Louisiana Governor Signs Package of Property Insurance Reform Bills

By | May 8, 2024

Louisiana governor Jeff Landry signed a package of insurance reform bills Tuesday aimed at encouraging insurers to write more business in the state’s property market.

The legislation, endorsed by Louisiana Insurance Commissioner Tim Temple, will give property insurers more flexibility over policy cancellations, replace a prior approval rating method for a a file-and-use system, and establish a tighter process for insurers to initiate loss adjustments.

“Louisiana is not healthy and it’s certainly not competitive,” Temple said at a news conference. “These bills were all designed to restore confidence back in the Louisiana marketplace.”

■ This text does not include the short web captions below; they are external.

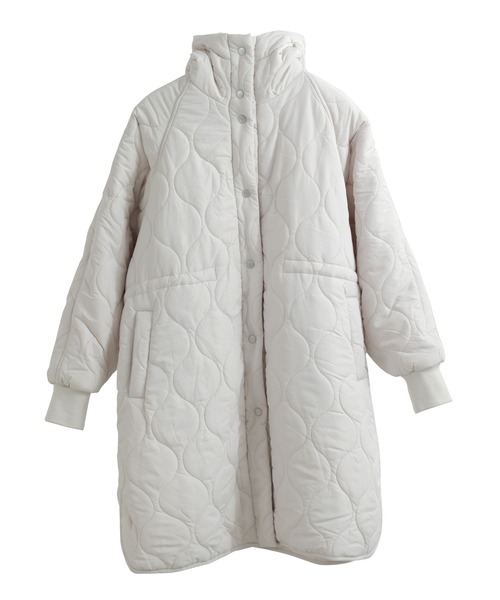 Fashion Letter（ファッションレター）の「フード付き オーバーサイズ キルティングロングコート（ダウンジャケット/コート・レディース・ブラック/カーキ/アイボリー・M）」の14枚目の写真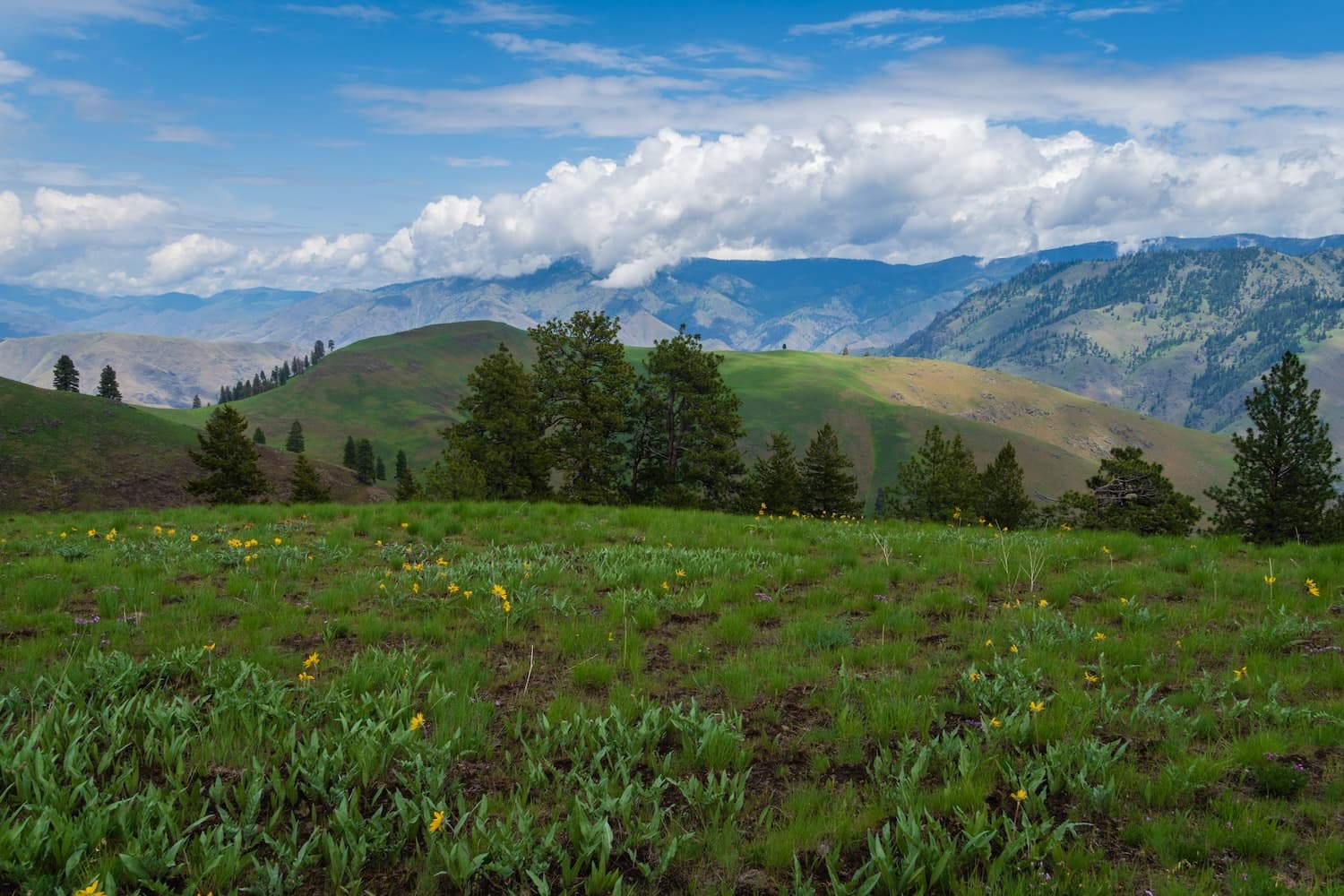 Clouds and distant hills of Hells Canyon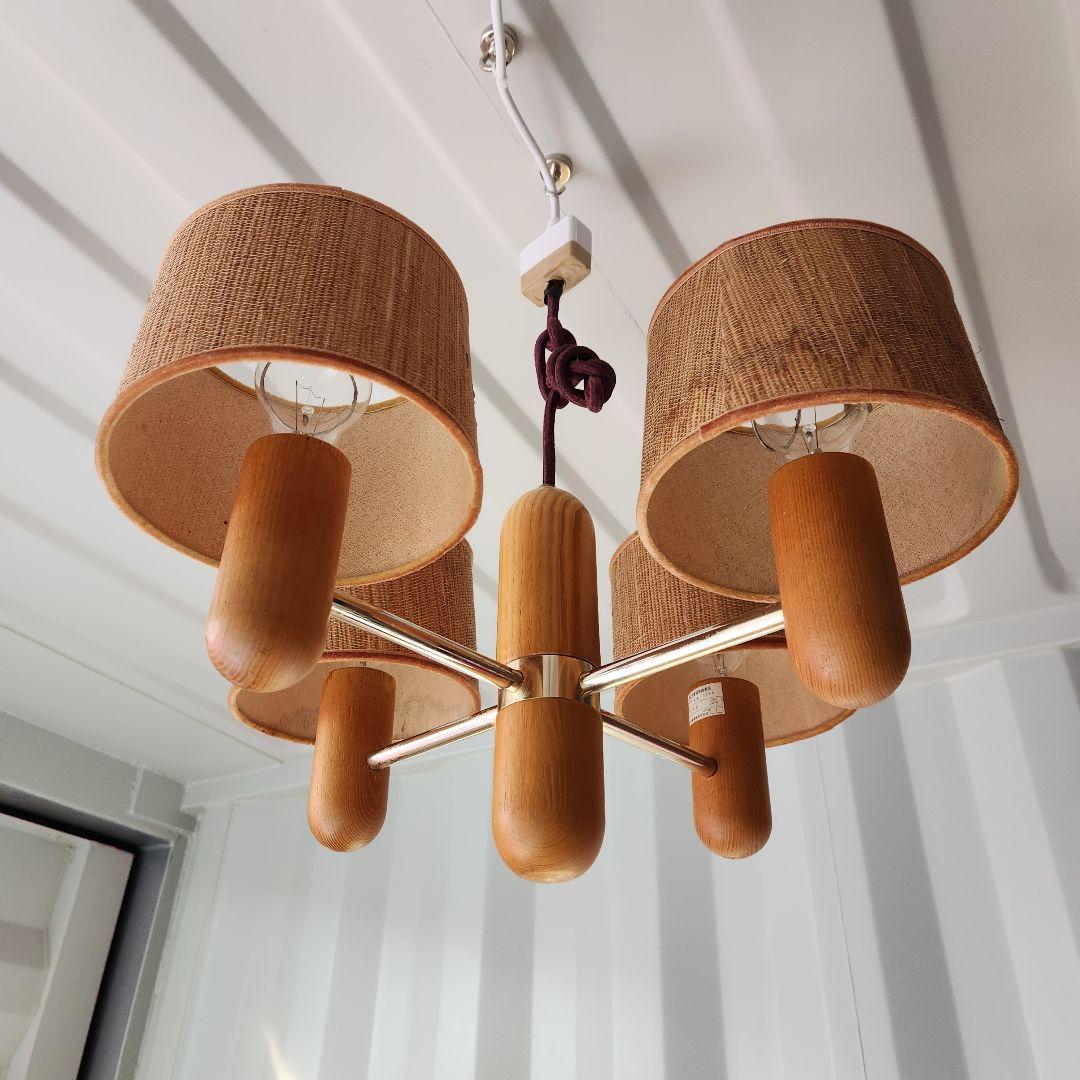 希少　ジャパンヴィンテージ　三菱電機　無垢材　4灯シャンデリア　 LK1744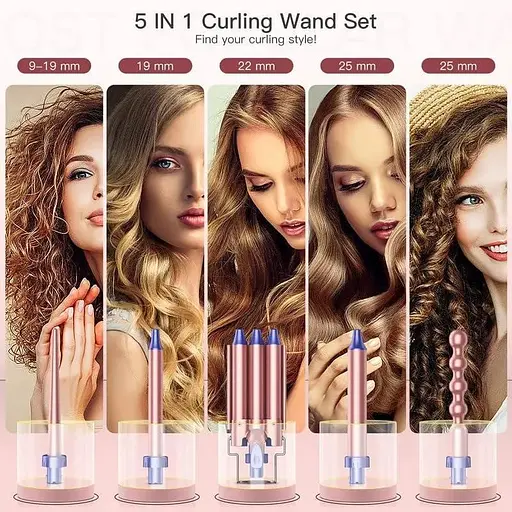 Набір для завивки волосся YIRISO 5 в 1 з 3 бочками, керамічні щипці для завивки 9-25 мм - фото 5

The most controversial of the bills passed by lawmakers this session is House Bill 611, which repeals a law unique to Louisiana that prevents carriers from canceling, nonrenewing or raising deductibles on policies that have been in effect for more than three years, except under certain condition. Louisiana is the only state in the U.S. with such a law.

House Bill 611, authored by Rep. Gabe Firment, removes the three-year rule for new policies and allows insurers to nonrenew up to 5% of their three-year policies each year.

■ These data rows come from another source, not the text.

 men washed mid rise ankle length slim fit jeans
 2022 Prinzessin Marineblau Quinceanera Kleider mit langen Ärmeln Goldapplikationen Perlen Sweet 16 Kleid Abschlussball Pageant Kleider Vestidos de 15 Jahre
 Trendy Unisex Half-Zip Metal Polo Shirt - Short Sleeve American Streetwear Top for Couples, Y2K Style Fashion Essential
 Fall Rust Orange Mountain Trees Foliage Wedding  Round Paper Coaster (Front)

Temple has said that repealing the three-year-rule is a necessary step in attracting insurers back to the state.

“Some of these bills aren’t popular but they bring Louisiana back into the mainstream,” Temple said on Tuesday. Temple said that a greater availability of insurers will ultimately bring more affordability to Louisiana.

Senate Bill 295, authored by Sen. Heather Cloud, increases speed-to-market for insurance products and rate changes by updating the Louisiana Department of Insurance’s rate and form filing approval process from a prior approval method to a file-and-use system. Insurers will be able to immediately start selling policies as long as they meet current benchmarks.

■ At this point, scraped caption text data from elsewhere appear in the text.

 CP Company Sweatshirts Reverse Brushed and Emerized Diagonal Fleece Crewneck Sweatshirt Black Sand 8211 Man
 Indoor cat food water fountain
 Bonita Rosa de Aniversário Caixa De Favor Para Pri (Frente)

Senate Bill 323 establishes that insurers will have 14 days to initiate loss adjustments for non-catastrophic claims and 30 days for post-catastrophe. The bill, authored by Senate Insurance Committee Chairman Kirk Talbot, creates a cure period to give parties more time to resolve disputes before turning to litigation.

Talbot said the legislation will make the claims process “very streamlined” for the consumer.

The final bill of the package, House Bill 120, authored by Rep. Matthew Willard, extends the Louisiana Fortify Homes Program, which offers grants of up to $10,000 to homeowners to retrofit their roofs to the Fortified standard set by the Insurance Institute for Business & Home Safety.

The Louisiana Fortify Homes Program was introduced in 2023 under former commissioner Jim Donelon. State lawmakers allocated $30 million of funding for the first year of the program. Legislators still need to secure funding for the next round of grants.